Material provided: Begin

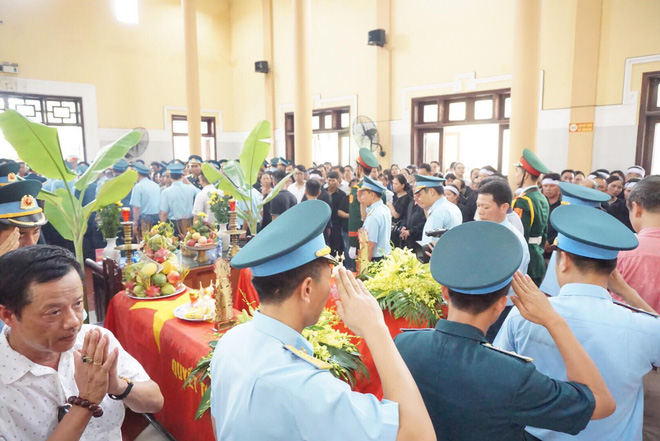 Thi thể hai phi công máy bay Su-22 được đưa về đài hoá thân Hoàn vũ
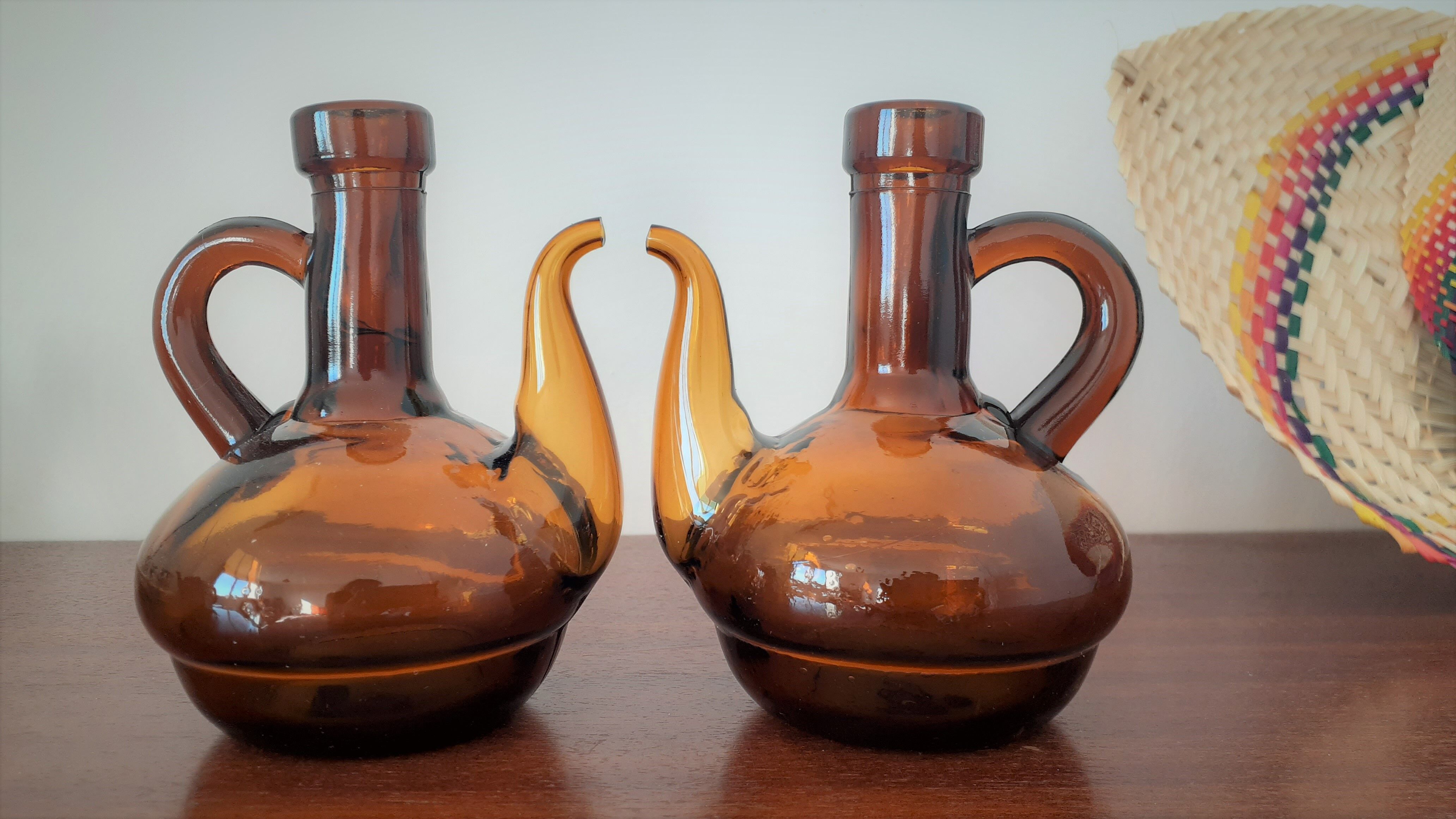 Pitcher oil and vinegar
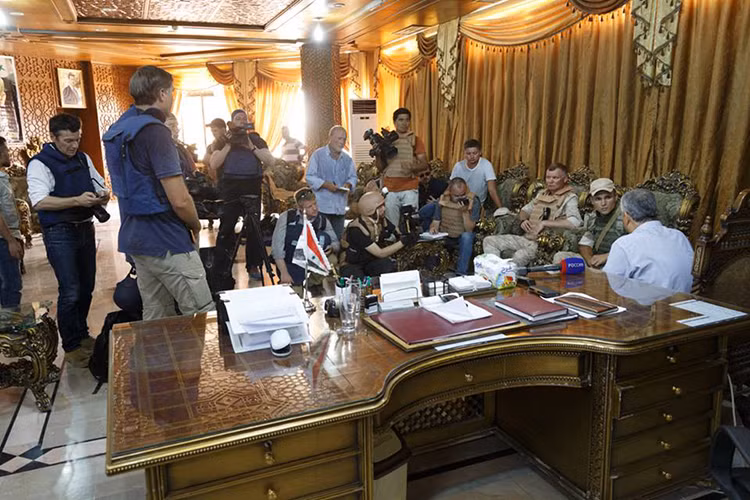 Trước khi được giải vây, việc tiếp tế cho Deir Ezzor hoàn toàn được thực hiện bằng đường không chủ yếu do Không quân Nga thực hiện, tuy nhiên sau khi sân bay Deir Ezzor bị chia cắt khỏi trung tâm thành phố quá trình tiếp tế càng trở nên khó khăn hơn trước. Nguồn ảnh: Bộ Quốc phòng Nga.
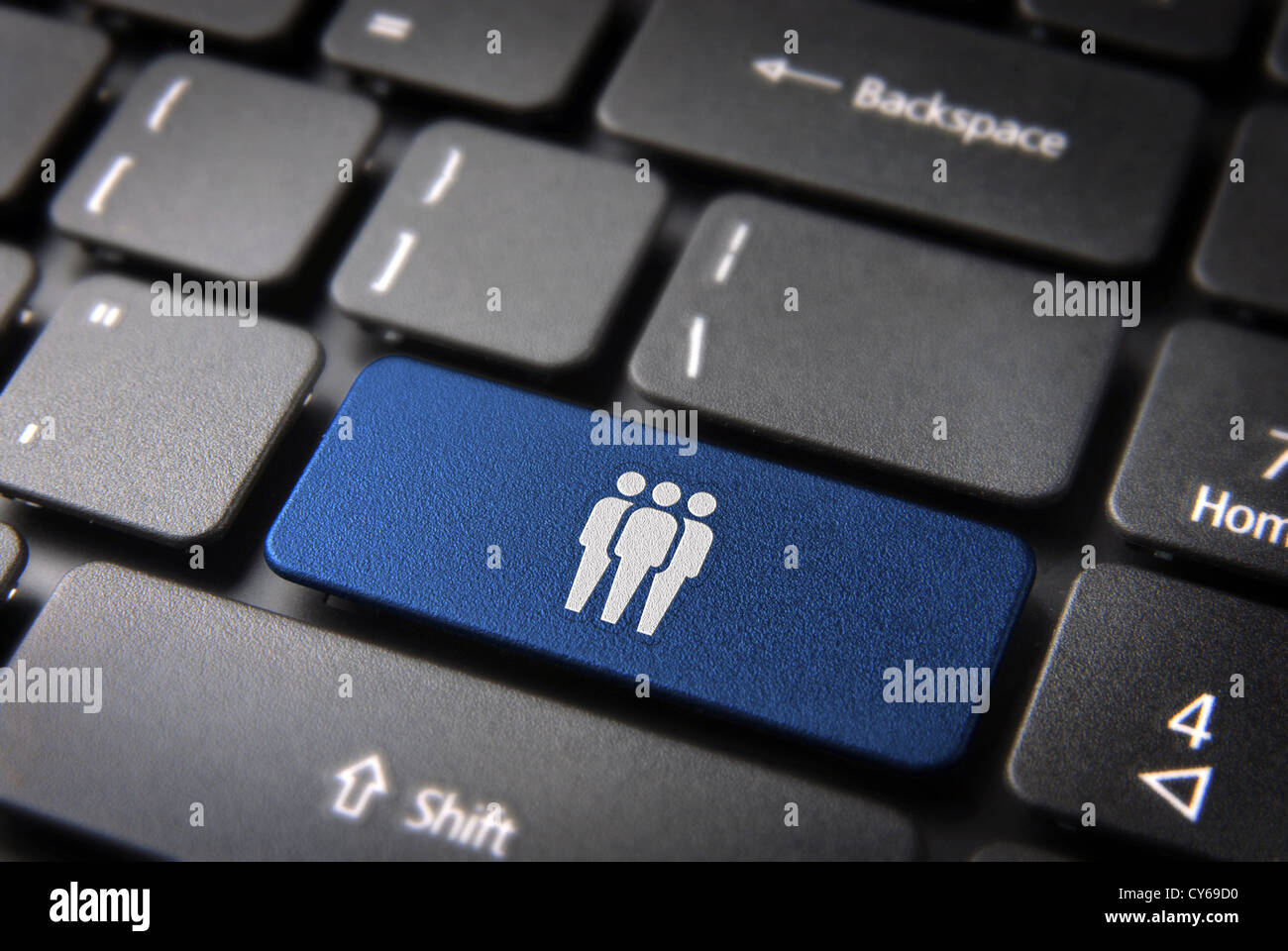 Human Resources-Schlüssel mit Team Netzwerksymbol auf Laptop-Tastatur. Im Preis inbegriffen Clipping-Pfad, so dass Sie leicht bearbeitet werden kann. Stockfoto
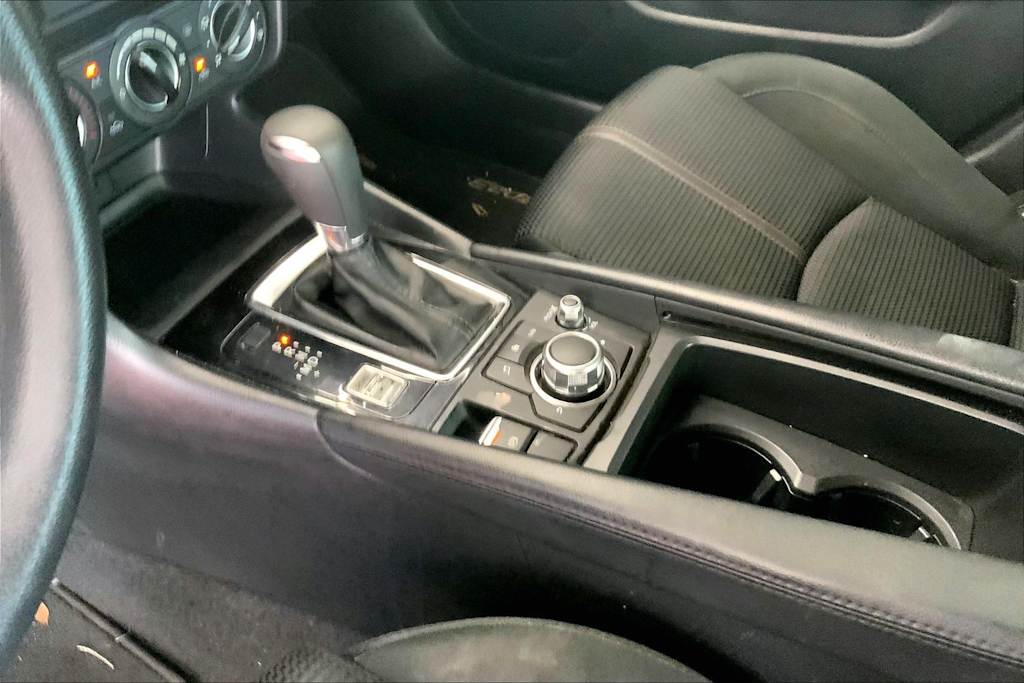 Thumbnail: 2017 Mazda Mazda3 - 15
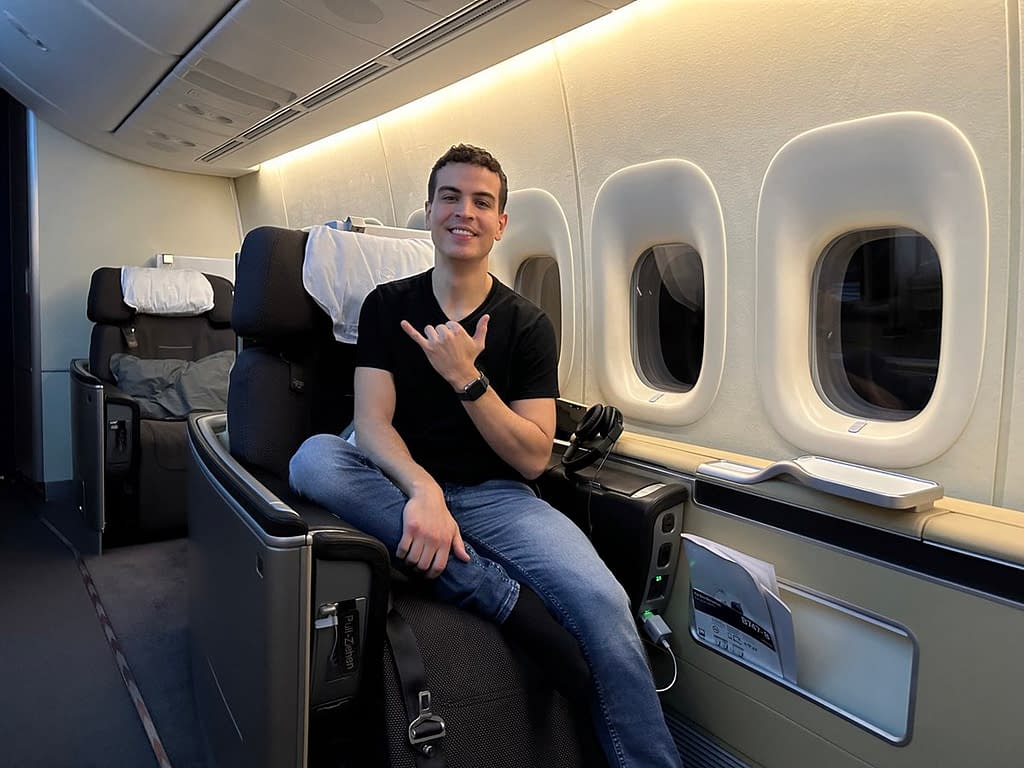 Lufthansa 747-8 First Class in 2023 - Cabin 21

Material provided: End

• [Directions for this task] Reproduce the lines from the line containing "Pitcher oil and vinegar" through the end of the records above, exactly and inclusively, omitting pictures.

• [Answer to the problem]
 Pitcher oil and vinegar
 Trước khi được giải vây, việc tiếp tế cho Deir Ezzor hoàn toàn được thực hiện bằng đường không chủ yếu do Không quân Nga thực hiện, tuy nhiên sau khi sân bay Deir Ezzor bị chia cắt khỏi trung tâm thành phố quá trình tiếp tế càng trở nên khó khăn hơn trước. Nguồn ảnh: Bộ Quốc phòng Nga.
 Human Resources-Schlüssel mit Team Netzwerksymbol auf Laptop-Tastatur. Im Preis inbegriffen Clipping-Pfad, so dass Sie leicht bearbeitet werden kann. Stockfoto
 Thumbnail: 2017 Mazda Mazda3 - 15
 Lufthansa 747-8 First Class in 2023 - Cabin 21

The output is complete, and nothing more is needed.